== DATA SHOWN ==

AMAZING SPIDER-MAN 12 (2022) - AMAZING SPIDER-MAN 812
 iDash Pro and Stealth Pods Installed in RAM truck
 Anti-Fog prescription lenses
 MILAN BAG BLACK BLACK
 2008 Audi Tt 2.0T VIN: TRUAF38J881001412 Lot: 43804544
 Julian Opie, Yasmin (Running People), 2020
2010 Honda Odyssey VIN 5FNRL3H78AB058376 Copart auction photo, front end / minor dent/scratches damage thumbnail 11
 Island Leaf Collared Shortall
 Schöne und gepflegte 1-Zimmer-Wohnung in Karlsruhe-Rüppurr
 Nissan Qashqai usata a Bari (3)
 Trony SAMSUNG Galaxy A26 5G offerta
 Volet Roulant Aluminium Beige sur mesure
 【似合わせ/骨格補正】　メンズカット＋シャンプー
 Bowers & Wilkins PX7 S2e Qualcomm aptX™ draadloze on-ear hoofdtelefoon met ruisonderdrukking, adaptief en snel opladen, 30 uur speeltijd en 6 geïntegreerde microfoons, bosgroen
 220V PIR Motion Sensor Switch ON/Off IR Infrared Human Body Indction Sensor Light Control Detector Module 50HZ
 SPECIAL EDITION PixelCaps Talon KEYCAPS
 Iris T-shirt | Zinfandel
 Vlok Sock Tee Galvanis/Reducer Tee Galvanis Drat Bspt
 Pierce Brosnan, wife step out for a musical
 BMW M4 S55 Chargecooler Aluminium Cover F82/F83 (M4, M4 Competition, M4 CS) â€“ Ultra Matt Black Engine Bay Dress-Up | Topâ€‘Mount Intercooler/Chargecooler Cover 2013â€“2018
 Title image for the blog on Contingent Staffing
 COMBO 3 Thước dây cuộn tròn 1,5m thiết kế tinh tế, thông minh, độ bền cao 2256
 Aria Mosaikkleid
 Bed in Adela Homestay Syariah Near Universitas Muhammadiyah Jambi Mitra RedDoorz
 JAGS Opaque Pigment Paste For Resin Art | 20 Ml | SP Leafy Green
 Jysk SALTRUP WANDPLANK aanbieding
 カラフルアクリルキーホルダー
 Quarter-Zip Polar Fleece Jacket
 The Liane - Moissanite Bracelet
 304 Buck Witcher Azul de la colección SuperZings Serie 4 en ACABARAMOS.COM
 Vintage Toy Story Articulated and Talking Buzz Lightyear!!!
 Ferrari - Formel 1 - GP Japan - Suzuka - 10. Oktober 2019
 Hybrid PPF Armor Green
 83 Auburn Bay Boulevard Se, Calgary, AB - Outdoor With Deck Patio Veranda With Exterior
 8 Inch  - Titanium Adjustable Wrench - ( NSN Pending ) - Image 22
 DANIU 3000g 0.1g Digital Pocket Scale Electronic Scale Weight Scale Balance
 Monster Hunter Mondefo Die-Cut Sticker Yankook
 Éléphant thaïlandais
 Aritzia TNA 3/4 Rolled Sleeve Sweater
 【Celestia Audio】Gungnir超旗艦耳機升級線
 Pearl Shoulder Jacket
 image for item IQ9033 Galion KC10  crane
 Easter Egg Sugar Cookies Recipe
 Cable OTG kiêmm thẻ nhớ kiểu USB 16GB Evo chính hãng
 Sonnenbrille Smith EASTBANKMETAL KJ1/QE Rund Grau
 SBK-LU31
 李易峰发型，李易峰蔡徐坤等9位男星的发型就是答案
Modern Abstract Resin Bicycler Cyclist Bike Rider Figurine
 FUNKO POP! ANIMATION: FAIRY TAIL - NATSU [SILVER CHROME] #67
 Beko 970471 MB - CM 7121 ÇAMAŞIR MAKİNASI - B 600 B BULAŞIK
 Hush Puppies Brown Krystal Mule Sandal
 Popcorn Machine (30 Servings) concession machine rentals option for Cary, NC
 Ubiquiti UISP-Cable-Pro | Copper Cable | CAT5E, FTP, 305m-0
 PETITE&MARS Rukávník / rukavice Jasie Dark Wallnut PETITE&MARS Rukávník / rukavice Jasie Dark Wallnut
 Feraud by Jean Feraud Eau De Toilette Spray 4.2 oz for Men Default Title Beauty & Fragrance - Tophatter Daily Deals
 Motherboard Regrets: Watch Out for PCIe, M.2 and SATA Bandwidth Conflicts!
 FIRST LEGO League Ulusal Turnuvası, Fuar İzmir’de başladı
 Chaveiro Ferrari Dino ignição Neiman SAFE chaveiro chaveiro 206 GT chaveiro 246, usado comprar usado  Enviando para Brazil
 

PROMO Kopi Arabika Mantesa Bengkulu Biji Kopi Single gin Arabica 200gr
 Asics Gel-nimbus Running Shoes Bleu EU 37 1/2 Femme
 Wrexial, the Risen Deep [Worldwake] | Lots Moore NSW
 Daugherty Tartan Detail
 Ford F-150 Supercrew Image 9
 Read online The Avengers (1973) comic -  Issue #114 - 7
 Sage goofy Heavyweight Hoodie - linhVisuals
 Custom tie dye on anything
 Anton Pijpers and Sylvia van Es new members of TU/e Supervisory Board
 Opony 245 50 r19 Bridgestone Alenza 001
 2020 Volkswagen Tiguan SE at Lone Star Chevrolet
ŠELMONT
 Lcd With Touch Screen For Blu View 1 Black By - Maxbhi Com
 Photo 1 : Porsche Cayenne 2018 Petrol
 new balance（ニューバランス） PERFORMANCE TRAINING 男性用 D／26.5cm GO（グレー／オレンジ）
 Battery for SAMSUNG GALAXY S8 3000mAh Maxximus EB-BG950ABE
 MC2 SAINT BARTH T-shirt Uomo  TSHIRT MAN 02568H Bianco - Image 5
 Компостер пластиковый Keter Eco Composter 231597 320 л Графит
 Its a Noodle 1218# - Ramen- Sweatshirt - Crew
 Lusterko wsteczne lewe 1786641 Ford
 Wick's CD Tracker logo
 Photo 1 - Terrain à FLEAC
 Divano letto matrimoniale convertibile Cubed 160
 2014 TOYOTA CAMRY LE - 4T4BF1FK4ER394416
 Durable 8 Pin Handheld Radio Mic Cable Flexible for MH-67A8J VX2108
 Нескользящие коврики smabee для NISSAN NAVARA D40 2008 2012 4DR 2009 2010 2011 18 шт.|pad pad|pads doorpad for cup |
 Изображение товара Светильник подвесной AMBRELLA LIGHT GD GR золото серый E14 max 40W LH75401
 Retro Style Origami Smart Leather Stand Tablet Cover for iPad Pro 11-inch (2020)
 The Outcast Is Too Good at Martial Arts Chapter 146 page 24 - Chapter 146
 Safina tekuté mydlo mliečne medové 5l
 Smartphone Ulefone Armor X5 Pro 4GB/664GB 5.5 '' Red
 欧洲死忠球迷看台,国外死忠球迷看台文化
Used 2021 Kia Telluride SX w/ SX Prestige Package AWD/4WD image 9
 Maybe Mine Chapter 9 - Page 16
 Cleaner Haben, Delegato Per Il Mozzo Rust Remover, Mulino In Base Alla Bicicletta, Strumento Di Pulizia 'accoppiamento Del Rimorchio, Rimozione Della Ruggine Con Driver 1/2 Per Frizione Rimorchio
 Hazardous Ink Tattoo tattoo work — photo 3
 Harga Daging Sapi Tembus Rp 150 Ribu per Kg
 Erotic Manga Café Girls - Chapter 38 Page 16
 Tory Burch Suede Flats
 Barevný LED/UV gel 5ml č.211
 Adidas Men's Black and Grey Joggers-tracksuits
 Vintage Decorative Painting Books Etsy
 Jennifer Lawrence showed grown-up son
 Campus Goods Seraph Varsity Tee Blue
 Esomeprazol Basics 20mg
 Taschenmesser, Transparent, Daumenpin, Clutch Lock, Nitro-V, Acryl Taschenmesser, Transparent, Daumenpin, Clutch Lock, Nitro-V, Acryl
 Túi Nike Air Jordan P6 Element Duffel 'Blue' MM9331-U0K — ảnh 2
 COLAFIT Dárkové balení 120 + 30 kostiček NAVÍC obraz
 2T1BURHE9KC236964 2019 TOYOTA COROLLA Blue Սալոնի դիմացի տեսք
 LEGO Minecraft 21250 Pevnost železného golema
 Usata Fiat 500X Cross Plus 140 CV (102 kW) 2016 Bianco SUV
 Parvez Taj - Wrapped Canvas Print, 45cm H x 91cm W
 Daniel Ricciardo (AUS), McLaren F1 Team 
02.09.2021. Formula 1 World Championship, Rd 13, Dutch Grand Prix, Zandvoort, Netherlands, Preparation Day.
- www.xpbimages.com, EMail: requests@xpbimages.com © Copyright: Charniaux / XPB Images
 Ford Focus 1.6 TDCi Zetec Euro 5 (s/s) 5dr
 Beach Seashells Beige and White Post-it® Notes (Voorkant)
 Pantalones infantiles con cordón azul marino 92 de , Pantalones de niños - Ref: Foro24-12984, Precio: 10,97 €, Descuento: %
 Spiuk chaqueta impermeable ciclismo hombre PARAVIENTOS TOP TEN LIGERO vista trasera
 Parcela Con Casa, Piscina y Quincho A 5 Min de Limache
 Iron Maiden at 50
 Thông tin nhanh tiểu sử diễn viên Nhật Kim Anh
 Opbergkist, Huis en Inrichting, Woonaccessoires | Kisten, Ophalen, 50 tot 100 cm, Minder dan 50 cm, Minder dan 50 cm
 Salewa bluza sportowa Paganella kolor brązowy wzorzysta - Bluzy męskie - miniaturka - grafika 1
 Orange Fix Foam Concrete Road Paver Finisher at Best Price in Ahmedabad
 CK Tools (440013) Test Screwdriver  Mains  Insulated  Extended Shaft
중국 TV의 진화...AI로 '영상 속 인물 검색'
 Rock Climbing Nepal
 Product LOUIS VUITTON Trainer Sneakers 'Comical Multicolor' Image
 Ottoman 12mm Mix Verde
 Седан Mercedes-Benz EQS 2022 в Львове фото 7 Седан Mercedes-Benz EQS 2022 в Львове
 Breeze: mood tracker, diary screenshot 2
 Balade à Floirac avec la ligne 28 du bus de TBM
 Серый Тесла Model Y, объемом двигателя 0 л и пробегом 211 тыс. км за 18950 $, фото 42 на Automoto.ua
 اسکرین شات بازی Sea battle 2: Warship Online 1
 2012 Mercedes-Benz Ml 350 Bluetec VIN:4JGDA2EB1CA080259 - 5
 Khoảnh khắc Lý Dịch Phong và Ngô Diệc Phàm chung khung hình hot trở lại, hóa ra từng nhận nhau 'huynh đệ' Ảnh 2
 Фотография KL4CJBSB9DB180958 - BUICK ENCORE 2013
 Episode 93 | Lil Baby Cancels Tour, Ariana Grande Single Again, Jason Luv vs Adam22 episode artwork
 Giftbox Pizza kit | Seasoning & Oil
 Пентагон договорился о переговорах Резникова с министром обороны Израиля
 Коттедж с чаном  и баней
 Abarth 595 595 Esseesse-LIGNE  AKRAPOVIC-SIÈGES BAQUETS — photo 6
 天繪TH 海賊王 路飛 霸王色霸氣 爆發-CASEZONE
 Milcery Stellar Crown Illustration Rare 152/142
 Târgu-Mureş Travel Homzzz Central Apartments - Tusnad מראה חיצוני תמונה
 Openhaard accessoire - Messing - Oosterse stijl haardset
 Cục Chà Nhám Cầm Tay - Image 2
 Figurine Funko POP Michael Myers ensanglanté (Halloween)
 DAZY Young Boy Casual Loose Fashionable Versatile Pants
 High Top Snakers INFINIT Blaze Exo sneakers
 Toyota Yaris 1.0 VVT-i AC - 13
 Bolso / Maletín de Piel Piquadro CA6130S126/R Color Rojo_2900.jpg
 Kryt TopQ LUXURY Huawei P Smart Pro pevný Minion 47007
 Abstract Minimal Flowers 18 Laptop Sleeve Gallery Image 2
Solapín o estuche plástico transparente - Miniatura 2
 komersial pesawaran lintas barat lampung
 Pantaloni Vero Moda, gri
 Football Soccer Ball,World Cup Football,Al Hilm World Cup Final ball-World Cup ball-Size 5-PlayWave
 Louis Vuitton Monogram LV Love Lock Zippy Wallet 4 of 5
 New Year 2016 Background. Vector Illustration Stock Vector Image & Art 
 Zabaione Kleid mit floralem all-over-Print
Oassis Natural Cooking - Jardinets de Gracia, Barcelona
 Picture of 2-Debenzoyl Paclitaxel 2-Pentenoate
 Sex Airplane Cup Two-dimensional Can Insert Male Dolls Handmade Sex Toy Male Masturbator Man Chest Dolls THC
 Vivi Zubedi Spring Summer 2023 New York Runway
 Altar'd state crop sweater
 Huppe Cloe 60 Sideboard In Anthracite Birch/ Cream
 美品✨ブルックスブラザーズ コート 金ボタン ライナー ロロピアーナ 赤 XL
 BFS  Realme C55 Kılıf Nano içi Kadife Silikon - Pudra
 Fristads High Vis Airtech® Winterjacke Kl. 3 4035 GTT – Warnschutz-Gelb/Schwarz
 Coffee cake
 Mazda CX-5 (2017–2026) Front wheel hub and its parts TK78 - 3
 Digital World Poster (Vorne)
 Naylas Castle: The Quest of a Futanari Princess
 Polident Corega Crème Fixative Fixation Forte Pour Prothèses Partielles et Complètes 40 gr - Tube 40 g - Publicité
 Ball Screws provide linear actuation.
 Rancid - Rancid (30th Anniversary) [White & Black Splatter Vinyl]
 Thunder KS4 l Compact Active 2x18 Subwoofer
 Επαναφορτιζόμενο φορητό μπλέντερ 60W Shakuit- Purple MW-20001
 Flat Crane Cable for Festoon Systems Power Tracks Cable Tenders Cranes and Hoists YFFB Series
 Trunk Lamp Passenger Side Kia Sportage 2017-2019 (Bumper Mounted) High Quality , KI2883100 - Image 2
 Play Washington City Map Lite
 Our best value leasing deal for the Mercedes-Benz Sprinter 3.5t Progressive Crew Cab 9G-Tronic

===

= WORK REQUEST =
Say the number of lines in the listing that hold "Beige", with no added words.

= PROBLEM SOLUTION =
2